In the data that follows, find the line with "贵州豆豉多种多样,这个风味麻辣豆豉,又麻又辣,炒菜特别香"; transcribe it, every later line up to the one with "Tổ trưởng khu", and that line as well, exactly and with no others.

Records from a data source:
++++
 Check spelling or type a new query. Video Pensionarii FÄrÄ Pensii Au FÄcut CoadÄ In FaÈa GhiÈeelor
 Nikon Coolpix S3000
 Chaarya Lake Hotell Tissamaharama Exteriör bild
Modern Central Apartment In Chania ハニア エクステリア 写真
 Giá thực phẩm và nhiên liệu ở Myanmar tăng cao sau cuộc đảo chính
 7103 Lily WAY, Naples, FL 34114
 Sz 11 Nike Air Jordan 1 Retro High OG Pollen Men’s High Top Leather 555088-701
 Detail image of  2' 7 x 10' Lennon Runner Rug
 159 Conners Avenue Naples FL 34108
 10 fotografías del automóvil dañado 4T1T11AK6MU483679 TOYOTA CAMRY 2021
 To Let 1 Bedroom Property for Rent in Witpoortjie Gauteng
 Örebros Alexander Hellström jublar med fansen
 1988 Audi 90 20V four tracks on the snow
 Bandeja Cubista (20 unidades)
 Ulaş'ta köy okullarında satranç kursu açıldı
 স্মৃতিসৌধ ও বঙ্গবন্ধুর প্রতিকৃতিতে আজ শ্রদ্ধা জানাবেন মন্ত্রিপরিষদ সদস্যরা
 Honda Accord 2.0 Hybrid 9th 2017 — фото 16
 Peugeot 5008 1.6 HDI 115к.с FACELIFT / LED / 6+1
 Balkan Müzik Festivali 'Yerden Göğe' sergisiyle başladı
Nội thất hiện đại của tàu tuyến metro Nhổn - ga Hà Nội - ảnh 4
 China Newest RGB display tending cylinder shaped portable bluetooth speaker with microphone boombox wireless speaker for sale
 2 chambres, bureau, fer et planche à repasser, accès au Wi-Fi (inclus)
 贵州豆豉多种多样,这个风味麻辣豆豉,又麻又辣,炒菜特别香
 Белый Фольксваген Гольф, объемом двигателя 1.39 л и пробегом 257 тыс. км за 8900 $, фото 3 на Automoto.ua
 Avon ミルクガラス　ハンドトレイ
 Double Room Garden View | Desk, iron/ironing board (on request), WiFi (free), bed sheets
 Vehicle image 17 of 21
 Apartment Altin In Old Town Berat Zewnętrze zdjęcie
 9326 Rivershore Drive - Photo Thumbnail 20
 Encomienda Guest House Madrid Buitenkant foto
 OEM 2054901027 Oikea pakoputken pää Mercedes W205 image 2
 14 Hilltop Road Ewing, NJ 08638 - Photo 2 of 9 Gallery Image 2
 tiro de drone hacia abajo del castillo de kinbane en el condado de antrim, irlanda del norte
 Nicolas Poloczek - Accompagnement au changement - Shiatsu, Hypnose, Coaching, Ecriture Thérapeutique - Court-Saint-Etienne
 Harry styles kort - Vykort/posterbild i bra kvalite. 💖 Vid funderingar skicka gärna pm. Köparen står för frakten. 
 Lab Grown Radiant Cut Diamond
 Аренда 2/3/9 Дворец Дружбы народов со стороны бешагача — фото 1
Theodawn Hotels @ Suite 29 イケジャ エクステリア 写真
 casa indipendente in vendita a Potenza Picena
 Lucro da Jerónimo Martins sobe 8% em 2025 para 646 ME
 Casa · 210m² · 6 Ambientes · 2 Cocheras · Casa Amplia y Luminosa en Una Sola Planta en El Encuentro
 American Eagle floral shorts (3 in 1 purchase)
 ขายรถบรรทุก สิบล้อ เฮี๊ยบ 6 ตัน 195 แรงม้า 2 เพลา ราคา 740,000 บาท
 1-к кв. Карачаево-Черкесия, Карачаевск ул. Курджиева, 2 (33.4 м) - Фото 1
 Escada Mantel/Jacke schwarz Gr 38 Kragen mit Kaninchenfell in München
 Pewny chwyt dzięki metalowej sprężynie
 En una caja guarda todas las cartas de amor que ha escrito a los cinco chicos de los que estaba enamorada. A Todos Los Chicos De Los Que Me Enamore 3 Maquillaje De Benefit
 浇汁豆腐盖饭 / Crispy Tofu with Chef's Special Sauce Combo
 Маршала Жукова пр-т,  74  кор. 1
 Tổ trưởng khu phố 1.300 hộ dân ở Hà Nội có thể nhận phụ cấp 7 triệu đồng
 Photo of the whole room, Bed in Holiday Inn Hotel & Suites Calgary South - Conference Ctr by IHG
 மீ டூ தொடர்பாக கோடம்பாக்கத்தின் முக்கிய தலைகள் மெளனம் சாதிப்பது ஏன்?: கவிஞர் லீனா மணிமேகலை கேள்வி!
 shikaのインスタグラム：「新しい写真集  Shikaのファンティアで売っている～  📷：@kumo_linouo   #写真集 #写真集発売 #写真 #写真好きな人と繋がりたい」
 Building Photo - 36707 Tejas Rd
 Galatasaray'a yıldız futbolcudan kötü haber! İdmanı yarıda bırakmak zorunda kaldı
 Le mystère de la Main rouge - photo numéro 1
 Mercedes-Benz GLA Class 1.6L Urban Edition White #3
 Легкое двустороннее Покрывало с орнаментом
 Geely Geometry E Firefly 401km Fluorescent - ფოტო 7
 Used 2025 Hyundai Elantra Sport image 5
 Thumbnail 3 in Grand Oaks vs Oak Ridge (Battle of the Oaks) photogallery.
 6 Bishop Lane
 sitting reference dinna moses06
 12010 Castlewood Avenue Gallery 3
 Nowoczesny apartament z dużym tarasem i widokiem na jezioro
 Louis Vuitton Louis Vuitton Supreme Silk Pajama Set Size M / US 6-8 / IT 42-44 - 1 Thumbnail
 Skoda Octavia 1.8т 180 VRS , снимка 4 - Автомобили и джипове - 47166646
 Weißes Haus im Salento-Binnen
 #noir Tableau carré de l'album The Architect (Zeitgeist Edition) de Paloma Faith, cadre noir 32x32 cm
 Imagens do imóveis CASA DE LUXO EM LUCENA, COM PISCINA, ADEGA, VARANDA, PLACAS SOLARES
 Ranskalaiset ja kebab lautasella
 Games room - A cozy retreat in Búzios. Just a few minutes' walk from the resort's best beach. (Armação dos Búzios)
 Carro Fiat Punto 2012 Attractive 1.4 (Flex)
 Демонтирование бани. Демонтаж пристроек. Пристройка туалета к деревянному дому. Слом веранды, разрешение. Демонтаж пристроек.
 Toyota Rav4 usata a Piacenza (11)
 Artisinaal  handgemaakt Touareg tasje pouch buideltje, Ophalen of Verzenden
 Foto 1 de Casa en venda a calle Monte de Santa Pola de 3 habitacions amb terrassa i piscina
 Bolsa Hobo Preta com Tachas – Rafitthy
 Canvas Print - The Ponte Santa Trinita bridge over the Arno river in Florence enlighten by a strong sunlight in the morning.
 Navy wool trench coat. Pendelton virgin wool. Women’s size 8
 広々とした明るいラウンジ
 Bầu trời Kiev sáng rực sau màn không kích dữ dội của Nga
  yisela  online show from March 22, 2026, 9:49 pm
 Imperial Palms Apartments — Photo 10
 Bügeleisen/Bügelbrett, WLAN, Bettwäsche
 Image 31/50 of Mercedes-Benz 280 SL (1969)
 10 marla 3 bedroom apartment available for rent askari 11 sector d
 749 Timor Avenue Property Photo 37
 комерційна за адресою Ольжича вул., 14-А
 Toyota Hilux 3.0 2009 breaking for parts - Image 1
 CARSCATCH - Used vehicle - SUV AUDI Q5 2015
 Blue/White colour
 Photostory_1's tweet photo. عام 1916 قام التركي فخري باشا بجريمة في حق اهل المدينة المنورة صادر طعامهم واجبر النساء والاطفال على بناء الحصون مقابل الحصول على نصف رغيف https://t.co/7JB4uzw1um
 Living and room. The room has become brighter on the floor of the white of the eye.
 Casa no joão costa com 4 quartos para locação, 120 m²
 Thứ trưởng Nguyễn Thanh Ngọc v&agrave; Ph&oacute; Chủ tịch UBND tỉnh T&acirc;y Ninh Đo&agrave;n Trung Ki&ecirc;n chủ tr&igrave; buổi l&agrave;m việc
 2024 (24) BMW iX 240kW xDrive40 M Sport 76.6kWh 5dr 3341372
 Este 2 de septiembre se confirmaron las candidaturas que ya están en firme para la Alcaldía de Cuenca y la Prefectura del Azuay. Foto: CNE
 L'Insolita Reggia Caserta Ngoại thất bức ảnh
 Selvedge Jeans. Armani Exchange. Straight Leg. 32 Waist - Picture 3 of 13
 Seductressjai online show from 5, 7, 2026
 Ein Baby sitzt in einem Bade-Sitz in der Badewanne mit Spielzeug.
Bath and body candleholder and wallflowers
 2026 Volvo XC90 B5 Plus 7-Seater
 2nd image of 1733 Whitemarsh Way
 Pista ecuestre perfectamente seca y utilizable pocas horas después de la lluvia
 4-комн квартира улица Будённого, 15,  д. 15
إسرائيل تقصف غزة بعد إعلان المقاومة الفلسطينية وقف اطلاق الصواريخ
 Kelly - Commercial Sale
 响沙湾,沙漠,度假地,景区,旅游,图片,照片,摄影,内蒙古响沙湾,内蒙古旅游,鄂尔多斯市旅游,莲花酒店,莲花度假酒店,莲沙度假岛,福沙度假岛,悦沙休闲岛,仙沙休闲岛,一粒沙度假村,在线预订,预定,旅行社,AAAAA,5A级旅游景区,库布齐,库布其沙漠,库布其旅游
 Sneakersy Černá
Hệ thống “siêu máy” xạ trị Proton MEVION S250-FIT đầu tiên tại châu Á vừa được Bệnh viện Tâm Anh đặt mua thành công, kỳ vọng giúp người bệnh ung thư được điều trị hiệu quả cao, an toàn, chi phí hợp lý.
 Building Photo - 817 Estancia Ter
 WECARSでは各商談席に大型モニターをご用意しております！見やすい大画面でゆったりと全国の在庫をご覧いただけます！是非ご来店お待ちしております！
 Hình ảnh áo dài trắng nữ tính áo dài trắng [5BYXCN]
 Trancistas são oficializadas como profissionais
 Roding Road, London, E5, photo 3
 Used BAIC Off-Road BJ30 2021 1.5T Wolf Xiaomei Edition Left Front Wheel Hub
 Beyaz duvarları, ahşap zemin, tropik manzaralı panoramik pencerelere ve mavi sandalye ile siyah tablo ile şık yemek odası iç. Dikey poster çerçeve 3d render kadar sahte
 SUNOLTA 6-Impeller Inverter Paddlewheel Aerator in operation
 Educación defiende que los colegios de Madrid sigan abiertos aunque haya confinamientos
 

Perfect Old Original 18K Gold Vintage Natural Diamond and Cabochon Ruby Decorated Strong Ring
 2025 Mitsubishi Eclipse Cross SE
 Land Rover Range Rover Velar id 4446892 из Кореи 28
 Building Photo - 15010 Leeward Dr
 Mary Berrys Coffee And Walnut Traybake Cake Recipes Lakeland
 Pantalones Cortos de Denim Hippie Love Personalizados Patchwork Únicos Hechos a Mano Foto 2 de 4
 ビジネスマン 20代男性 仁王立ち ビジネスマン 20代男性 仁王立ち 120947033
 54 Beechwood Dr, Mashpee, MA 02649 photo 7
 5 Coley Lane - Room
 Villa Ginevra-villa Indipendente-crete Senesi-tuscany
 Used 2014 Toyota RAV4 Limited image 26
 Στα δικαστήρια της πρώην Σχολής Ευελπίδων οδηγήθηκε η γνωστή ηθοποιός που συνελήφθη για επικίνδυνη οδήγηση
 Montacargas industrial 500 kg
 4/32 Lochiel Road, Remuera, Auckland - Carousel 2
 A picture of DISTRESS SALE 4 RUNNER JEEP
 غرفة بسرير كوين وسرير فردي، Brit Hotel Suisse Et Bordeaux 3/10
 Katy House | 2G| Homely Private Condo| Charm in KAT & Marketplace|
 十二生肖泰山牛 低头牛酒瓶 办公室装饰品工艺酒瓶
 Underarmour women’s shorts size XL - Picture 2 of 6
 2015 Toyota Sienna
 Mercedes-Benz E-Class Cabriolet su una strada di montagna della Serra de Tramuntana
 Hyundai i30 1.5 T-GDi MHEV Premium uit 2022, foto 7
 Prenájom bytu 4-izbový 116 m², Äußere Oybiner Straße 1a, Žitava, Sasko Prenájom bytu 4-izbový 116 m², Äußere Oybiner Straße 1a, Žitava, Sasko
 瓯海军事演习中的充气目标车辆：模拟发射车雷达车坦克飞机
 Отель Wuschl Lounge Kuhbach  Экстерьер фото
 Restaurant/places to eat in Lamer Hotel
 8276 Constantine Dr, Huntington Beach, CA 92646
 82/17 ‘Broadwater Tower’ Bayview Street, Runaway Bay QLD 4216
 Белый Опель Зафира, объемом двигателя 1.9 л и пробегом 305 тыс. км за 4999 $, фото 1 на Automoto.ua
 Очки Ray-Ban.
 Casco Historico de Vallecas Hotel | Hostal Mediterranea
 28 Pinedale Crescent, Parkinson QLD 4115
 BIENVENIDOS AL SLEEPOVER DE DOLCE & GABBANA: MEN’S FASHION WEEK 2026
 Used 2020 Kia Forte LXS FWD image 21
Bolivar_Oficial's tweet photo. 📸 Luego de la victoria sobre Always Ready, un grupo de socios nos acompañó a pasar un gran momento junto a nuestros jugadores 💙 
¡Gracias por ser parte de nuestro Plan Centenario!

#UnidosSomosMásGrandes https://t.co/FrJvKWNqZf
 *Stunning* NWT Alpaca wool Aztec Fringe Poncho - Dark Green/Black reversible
++++
Result for this exercise
 贵州豆豉多种多样,这个风味麻辣豆豉,又麻又辣,炒菜特别香
 Белый Фольксваген Гольф, объемом двигателя 1.39 л и пробегом 257 тыс. км за 8900 $, фото 3 на Automoto.ua
 Avon ミルクガラス　ハンドトレイ
 Double Room Garden View | Desk, iron/ironing board (on request), WiFi (free), bed sheets
 Vehicle image 17 of 21
 Apartment Altin In Old Town Berat Zewnętrze zdjęcie
 9326 Rivershore Drive - Photo Thumbnail 20
 Encomienda Guest House Madrid Buitenkant foto
 OEM 2054901027 Oikea pakoputken pää Mercedes W205 image 2
 14 Hilltop Road Ewing, NJ 08638 - Photo 2 of 9 Gallery Image 2
 tiro de drone hacia abajo del castillo de kinbane en el condado de antrim, irlanda del norte
 Nicolas Poloczek - Accompagnement au changement - Shiatsu, Hypnose, Coaching, Ecriture Thérapeutique - Court-Saint-Etienne
 Harry styles kort - Vykort/posterbild i bra kvalite. 💖 Vid funderingar skicka gärna pm. Köparen står för frakten. 
 Lab Grown Radiant Cut Diamond
 Аренда 2/3/9 Дворец Дружбы народов со стороны бешагача — фото 1
Theodawn Hotels @ Suite 29 イケジャ エクステリア 写真
 casa indipendente in vendita a Potenza Picena
 Lucro da Jerónimo Martins sobe 8% em 2025 para 646 ME
 Casa · 210m² · 6 Ambientes · 2 Cocheras · Casa Amplia y Luminosa en Una Sola Planta en El Encuentro
 American Eagle floral shorts (3 in 1 purchase)
 ขายรถบรรทุก สิบล้อ เฮี๊ยบ 6 ตัน 195 แรงม้า 2 เพลา ราคา 740,000 บาท
 1-к кв. Карачаево-Черкесия, Карачаевск ул. Курджиева, 2 (33.4 м) - Фото 1
 Escada Mantel/Jacke schwarz Gr 38 Kragen mit Kaninchenfell in München
 Pewny chwyt dzięki metalowej sprężynie
 En una caja guarda todas las cartas de amor que ha escrito a los cinco chicos de los que estaba enamorada. A Todos Los Chicos De Los Que Me Enamore 3 Maquillaje De Benefit
 浇汁豆腐盖饭 / Crispy Tofu with Chef's Special Sauce Combo
 Маршала Жукова пр-т,  74  кор. 1
 Tổ trưởng khu phố 1.300 hộ dân ở Hà Nội có thể nhận phụ cấp 7 triệu đồng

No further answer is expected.